The British are world beaters at the elaborate pageantry and pomp of State ceremonies. Year upon year, event after event, they all go swimmingly well, providing glorious spectacle after spectacle. Big public occasions watched in person by amazed thousands, seen on television by mesmerised millions from all around the World, and promulgated & beloved by all the media. We see the magnificent Trooping of the Colour on London’s Horse Guards Parade; we watch the serenity of Armistice Day at Whitehall’s Cenotaph in; or even the impressive daily ritual of the Changing of the Guard outside Buckingham Palace, don’t we?
What idiot, or set of morons ,took all this then to another unbelievable level to enact a quasi-state funeral & laying in state for one Richard III Middle Ages King of England from nigh-on five hundred & thirty years ago? He was killed in battle at Bosworth Field Leicestershire in 1485 and his decayed skeletal remains were found by searching archaeologists just over a couple of years ago beneath a meagre car park in Leicester (covering a site of an old destroyed monument).
Digging up old things is of dubious interest and value (except of gold coins of course), but full credit to the bloke who tracked down where our Richard’s bones had been dumped. This King was a bit of a tyrant with a villainous reputation it seems, but as a trained knight was a vintage courageous fighter and certainly battle hardened, and that in all probability caused his demise – he didn’t know when to run away, did he?. Richard is denegrated as a ruthless power-grabber, and moreover stands accused of doing away with two young brothers aged 12 & 9 (the Princes in the Tower), though as the only evidence is circumstantial, this is seen by many historians as nothing more than rumour and propaganda. Those against him called him ‘The Hog’, and said he was someone who was deservedly buried in a ditch like a dog – a nice epitaph eh?
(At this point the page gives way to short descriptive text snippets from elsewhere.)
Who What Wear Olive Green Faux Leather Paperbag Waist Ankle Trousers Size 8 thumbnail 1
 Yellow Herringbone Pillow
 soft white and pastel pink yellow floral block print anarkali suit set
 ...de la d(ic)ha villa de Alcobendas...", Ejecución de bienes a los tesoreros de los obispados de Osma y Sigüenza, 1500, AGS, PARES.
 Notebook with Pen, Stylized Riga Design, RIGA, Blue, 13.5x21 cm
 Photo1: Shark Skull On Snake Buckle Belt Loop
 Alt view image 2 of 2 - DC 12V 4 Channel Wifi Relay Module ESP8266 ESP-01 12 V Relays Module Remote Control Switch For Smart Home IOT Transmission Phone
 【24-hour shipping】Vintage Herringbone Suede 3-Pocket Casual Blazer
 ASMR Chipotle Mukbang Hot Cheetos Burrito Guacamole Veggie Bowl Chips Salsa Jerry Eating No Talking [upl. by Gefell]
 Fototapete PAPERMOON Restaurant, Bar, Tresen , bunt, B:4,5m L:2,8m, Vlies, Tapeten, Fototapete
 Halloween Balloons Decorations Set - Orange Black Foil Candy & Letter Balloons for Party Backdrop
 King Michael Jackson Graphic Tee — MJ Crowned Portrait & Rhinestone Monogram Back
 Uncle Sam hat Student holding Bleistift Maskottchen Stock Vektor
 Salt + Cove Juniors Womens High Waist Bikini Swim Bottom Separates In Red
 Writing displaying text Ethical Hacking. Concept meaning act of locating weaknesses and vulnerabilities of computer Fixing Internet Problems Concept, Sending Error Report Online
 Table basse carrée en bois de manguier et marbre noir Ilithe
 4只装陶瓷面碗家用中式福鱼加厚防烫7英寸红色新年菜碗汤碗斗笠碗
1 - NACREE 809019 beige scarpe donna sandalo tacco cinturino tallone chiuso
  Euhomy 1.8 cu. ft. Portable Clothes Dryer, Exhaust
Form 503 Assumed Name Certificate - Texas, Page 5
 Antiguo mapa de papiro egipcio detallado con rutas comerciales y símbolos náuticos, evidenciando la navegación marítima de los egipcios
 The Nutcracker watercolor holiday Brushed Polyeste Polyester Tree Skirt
Unbelievably, when Richard’s few bones were recovered, it started an argument about what to do with them; some actually campaigned that they should be taken and reburied in York, his birthplace, while others said they should stay in Leicester (where monies had been spent on the investigational research). Why would anyone give a damn about a few grotty bones, you might wonder? Certainly those individuals that had spent years trying to find them, fully expected them to be quietly and privately reburied. Instead of that, we have been subjected to a pseudo-state funeral no less, with gratuouse gravity to boot.
It is unclear what set of imbeciles decided to spend millions of pounds of public money on a bizarre funeral escapade. It is no excuse to say that Leicester are hoping to bring-in other millions from Richard III related tourism – if that comes (and good luck to them), it doesn’t excuse the funeral folly & cost, does it?
We had to watch ridiculous images of coffin carrying when a strong military bearer party ridiculously struggled apparently to slowly carry some yards a coffin containing a few ancient bones (or did they fill it with sandbags to stop it blowing away in the wind?). Last Sunday, we were expected to react with deep emotion as the tearful watchers saw a horse drawn coffin carriage (without a real body) paraded through the streets to get to Leicester St Martin’s Cathedral, where thousands of saddos then lined up to pay their respects to a pile of decrepit bones – for goodness sake what were they thinking about, eh?
Yesterday we were faced with a solemn religious re-burial service ceremony, where the Bishop of Leicester, even said Richard’s mortal remains were being given the dignity originally denied them in death – how on earth does he know anything whatsoever about that, eh? We unbelievably even had the top man, the Archbishop of Canterbury in charge – does he really think that by his performance, he is going to get Christianity to steal a march over Islam? The Queens’s representative and other royals were there as well, looking suitably sorryfull in their black clad outfits – perhaps they were auditioning for Downton Abbey TV series (didn’t they know it has finished?). Oh yes let us not forget a specially commissioned ‘poet laureate’ poem, delivered for the occasion, nor indeed the special arrangement by the master of the Queen’s music. Oh yes they had even installed a big screen to watch the stupidity.
[The Richard III funeral Leicester March 2015 – a vain attempt to make a silk purse out of a sow’s ear, don’t you think?].